Los párpados no sirven únicamente para cubrir y proteger los ojos: otorgan expresividad al rostro y sirven para enmarcar la mirada. Los ojos son, a menudo, la zona del cuerpo en la que más se notan los signos del envejecimiento: arrugas alrededor de los ojos, patas de gallo, líneas de expresión… Cuando envejecemos la capa externa de la piel adelgaza, la piel de la frente pierde firmeza y desciende, provocando una caída de las cejas. Este exceso de piel adicional invade los ojos, dando al rostro una apariencia cansada y triste. El estrés, los cambios en el peso y la herencia genética son otros factores que pueden provocar un exceso de piel en los párpados inferiores y superiores, y un aumento de la grasa alrededor de los ojos (bolsas).

La blefaroplastia o cirugía de párpados es la segunda cirugía estética más común entre los hombres. Se emplea para eliminar el exceso de piel y las bolsas de grasa en los párpados. Permite rejuvenecer el rostro mejorando la visión y refrescando la mirada. Pese a que el procedimiento cosmético es similar en hombres y mujeres existen diferencias entre los párpados superiores masculinos y femeninos que corresponden a la estructura y a la anatomía facial; además, el ideal de belleza del hombre es diferente al de la mujer.

¿Cómo es la intervención?

La blefaroplastia se realiza bajo anestesia local y en función de la cantidad de grasa o piel a retirar puede durar entre una y dos horas.

  • Párpados inferiores: para hacer que los párpados inferiores luzcan más jóvenes se hará una incisión en la parte rosada interna (conjuntiva). A través de esta incisión se eliminará el exceso de piel y grasa haciendo desaparecer la apariencia hinchada y proporcionando un aspecto más tenso, más atractivo.
  • Párpados superiores: se realiza una incisión poco visible en el pliegue natural del párpado superior, lo que permite eliminar el exceso de piel y el tejido graso. La grasa se puede recolocar en ciertas áreas del párpado para formar un contorno más atractivo. Una vez que se logra una mejor apariencia se cerrarán las incisiones con suturas.

El paciente puede regresar a su hogar transcurridas unas horas tras la operación, ya que no suele producirse hospitalización. Los cuidados postoperatorios se prolongarán a lo largo de unos días e incluyen: analgésicos para el dolor (inflamación, hematomas…), colirios (para evitar la sequedad y el picor de ojos), lavados con suero fisiológico y uso de un antifaz de gel para proporcionar sensación de frescor. El paciente deberá dormir con la cabeza en alto.

Es posible salir a la calle con gafas de sol dos días después de la intervención. Se debe visitar regularmente al cirujano para controlar la evolución, y los resultados finales son visibles a partir de los 6 meses.
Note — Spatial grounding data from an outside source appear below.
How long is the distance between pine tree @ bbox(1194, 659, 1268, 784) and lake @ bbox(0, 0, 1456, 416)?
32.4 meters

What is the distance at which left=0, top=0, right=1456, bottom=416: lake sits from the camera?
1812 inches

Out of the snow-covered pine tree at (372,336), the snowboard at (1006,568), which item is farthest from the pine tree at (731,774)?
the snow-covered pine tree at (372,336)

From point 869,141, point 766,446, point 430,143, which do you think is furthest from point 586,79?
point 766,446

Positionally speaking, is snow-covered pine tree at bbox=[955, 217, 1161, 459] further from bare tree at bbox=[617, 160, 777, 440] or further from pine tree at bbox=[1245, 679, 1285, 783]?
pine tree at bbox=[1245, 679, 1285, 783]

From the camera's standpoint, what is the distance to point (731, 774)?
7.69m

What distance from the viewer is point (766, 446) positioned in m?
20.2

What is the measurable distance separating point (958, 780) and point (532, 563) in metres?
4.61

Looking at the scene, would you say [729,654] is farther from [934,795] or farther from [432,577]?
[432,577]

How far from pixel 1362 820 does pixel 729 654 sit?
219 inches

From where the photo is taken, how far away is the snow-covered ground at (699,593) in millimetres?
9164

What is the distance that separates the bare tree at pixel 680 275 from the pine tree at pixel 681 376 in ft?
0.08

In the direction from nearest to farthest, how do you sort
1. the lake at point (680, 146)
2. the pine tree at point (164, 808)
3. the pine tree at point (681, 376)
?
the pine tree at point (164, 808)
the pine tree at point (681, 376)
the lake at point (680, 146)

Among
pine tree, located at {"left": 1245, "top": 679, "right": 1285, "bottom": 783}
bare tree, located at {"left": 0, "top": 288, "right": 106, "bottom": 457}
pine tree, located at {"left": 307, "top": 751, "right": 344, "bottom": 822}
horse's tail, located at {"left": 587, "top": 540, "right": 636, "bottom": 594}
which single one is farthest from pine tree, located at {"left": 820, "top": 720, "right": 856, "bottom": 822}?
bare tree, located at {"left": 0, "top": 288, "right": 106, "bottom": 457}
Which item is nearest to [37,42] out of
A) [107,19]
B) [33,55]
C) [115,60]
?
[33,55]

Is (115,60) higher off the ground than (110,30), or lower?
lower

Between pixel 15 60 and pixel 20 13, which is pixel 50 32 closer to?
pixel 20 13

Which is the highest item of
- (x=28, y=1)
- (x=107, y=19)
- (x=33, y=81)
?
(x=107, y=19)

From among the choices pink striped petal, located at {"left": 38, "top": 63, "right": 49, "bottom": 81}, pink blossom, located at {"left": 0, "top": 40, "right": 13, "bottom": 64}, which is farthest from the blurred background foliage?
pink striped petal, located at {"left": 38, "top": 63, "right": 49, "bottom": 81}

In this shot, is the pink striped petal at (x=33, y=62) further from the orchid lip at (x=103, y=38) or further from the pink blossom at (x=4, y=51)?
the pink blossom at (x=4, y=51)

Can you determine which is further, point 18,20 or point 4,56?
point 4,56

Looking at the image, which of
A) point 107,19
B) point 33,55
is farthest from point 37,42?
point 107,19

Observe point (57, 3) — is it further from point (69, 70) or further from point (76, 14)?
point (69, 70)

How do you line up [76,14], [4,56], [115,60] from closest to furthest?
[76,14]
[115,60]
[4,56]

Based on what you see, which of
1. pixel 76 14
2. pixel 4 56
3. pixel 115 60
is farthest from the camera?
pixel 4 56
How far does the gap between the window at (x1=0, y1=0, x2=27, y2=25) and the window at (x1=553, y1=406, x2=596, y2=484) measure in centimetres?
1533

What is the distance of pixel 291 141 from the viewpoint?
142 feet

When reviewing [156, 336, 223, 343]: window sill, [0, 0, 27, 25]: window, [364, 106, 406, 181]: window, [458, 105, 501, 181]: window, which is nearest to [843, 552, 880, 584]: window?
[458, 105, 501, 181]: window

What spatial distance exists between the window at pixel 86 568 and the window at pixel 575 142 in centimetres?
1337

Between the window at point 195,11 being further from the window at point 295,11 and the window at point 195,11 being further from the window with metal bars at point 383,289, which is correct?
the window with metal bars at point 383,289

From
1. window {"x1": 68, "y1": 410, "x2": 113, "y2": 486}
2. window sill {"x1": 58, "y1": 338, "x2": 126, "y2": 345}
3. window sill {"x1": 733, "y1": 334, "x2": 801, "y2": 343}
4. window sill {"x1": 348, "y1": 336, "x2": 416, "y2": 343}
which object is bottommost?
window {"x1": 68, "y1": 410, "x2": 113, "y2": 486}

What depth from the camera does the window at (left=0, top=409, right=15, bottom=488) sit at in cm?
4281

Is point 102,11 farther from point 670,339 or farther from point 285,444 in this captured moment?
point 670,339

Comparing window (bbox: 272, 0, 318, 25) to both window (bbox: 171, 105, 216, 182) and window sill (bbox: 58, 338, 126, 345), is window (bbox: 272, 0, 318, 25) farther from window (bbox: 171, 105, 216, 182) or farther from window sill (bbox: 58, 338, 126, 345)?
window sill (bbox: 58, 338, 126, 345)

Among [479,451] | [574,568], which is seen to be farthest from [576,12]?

La blefaroplastia no detiene el envejecimiento, pero sí que ayuda a retrasar sus signos.

¿Qué no se consigue con la blefaroplastia?
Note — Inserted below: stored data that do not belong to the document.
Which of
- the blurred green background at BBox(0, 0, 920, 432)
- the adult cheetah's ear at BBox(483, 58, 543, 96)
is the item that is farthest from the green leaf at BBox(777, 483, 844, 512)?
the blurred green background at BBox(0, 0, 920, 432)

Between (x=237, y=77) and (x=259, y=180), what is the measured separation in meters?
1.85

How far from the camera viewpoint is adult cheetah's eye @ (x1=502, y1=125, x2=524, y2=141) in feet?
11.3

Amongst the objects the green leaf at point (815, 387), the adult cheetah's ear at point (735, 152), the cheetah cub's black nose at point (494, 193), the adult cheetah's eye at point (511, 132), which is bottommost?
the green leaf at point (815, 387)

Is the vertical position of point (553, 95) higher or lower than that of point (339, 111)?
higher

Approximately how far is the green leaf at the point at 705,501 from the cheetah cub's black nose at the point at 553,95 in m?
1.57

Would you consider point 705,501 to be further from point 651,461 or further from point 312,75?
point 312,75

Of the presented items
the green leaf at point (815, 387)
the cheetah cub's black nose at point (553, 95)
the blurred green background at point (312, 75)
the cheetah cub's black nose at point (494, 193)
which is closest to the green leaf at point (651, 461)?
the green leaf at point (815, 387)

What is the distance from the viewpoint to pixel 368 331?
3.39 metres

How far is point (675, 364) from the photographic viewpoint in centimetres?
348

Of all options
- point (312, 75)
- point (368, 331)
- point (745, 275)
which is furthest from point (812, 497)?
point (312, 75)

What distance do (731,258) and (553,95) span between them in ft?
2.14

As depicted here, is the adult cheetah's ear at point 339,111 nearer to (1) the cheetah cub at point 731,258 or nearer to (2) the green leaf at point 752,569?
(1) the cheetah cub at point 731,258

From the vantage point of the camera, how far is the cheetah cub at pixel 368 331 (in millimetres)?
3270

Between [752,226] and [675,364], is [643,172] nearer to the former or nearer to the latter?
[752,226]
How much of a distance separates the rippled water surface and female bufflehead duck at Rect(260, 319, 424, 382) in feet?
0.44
La blefaroplastia no es una intervención indicada para eliminar las conocidas como “patas de gallo” u otro tipo de arrugas laterales, ni tampoco es el procedimiento adecuado para acabar con las “ojeras” oscuras o pigmentadas. Ahora bien, si se combina con otras técnicas como el láser o el lifting se pueden aclarar las ojeras y mitigar las arrugas.